* Assigned task
Reproduce all of the records word for word, omitting the pictures.
Dataset excerpts: Begin
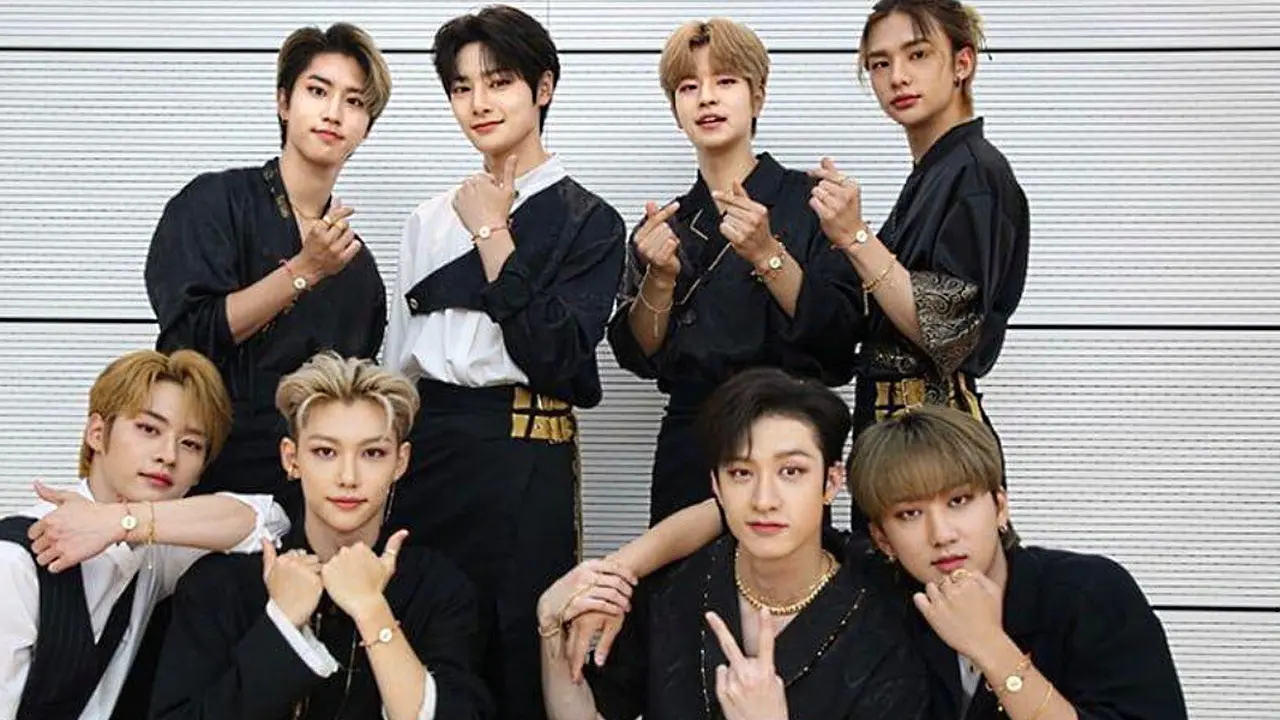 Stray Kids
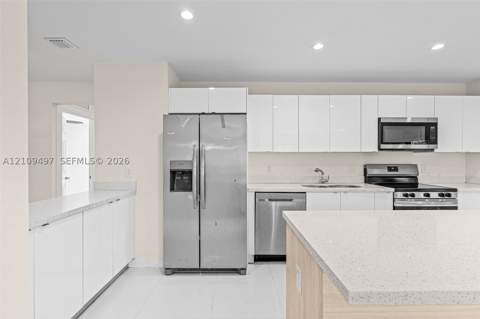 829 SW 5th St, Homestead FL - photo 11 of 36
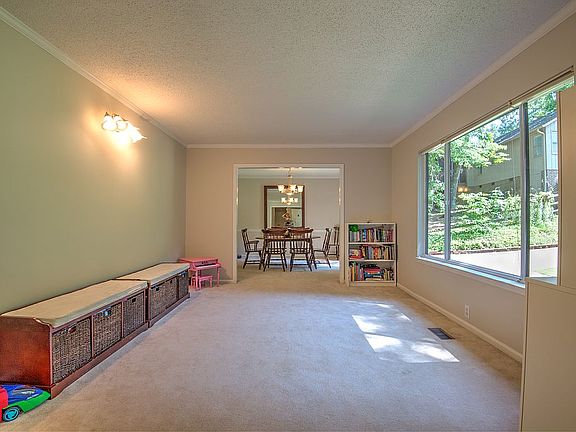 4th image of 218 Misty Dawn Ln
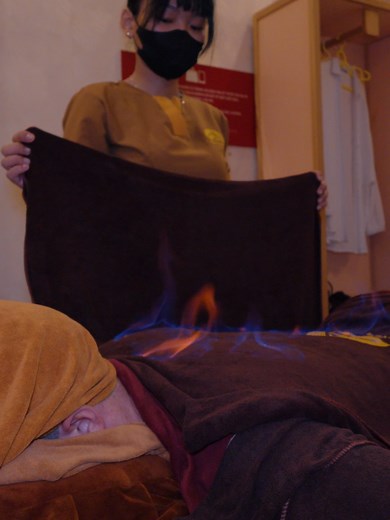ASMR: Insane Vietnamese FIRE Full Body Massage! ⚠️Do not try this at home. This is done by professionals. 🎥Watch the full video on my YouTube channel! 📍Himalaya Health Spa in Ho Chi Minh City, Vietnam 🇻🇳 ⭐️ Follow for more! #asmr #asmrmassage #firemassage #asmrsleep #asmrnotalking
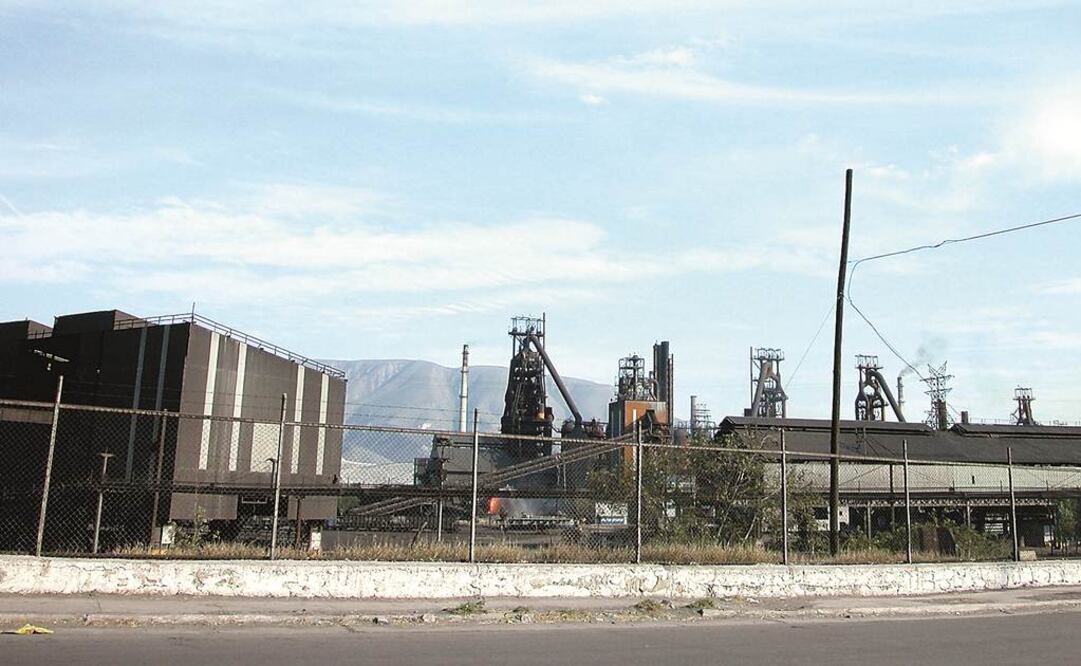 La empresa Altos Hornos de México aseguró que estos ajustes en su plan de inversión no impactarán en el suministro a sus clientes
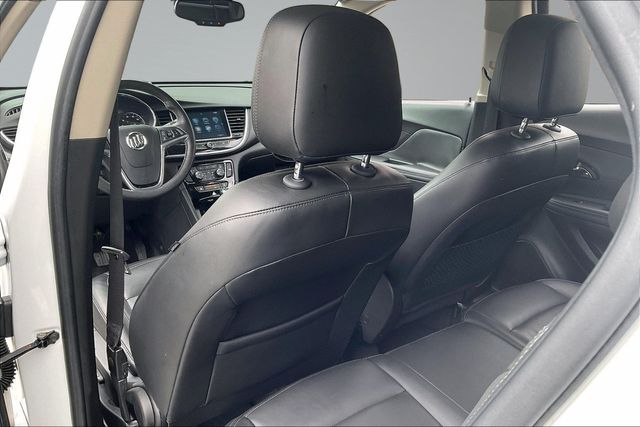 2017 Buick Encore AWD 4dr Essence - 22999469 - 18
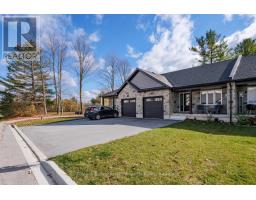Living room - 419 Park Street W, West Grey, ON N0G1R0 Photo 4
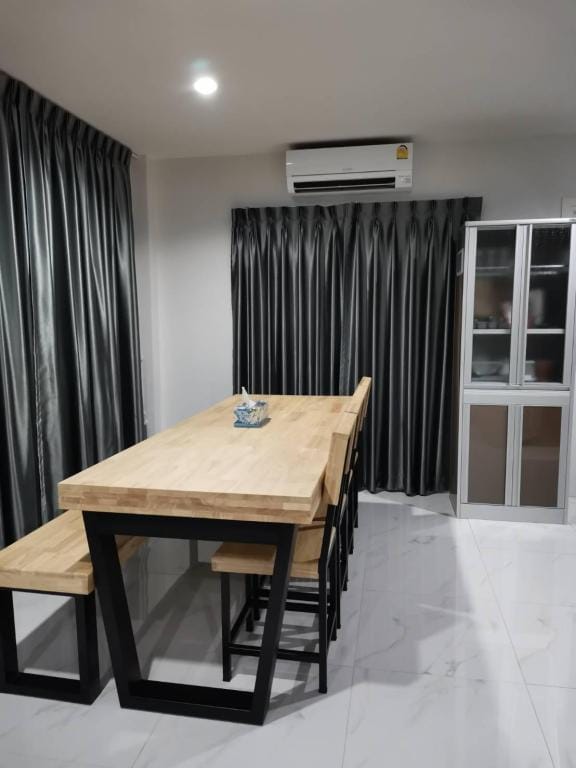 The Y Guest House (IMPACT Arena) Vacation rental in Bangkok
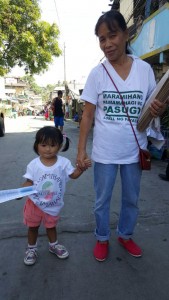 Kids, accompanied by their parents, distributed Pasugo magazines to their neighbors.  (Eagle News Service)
Dataset excerpts: End
* Reply
 Stray Kids
 829 SW 5th St, Homestead FL - photo 11 of 36
 4th image of 218 Misty Dawn Ln
ASMR: Insane Vietnamese FIRE Full Body Massage! ⚠️Do not try this at home. This is done by professionals. 🎥Watch the full video on my YouTube channel! 📍Himalaya Health Spa in Ho Chi Minh City, Vietnam 🇻🇳 ⭐️ Follow for more! #asmr #asmrmassage #firemassage #asmrsleep #asmrnotalking
 La empresa Altos Hornos de México aseguró que estos ajustes en su plan de inversión no impactarán en el suministro a sus clientes
 2017 Buick Encore AWD 4dr Essence - 22999469 - 18
Living room - 419 Park Street W, West Grey, ON N0G1R0 Photo 4
 The Y Guest House (IMPACT Arena) Vacation rental in Bangkok
 Kids, accompanied by their parents, distributed Pasugo magazines to their neighbors.  (Eagle News Service)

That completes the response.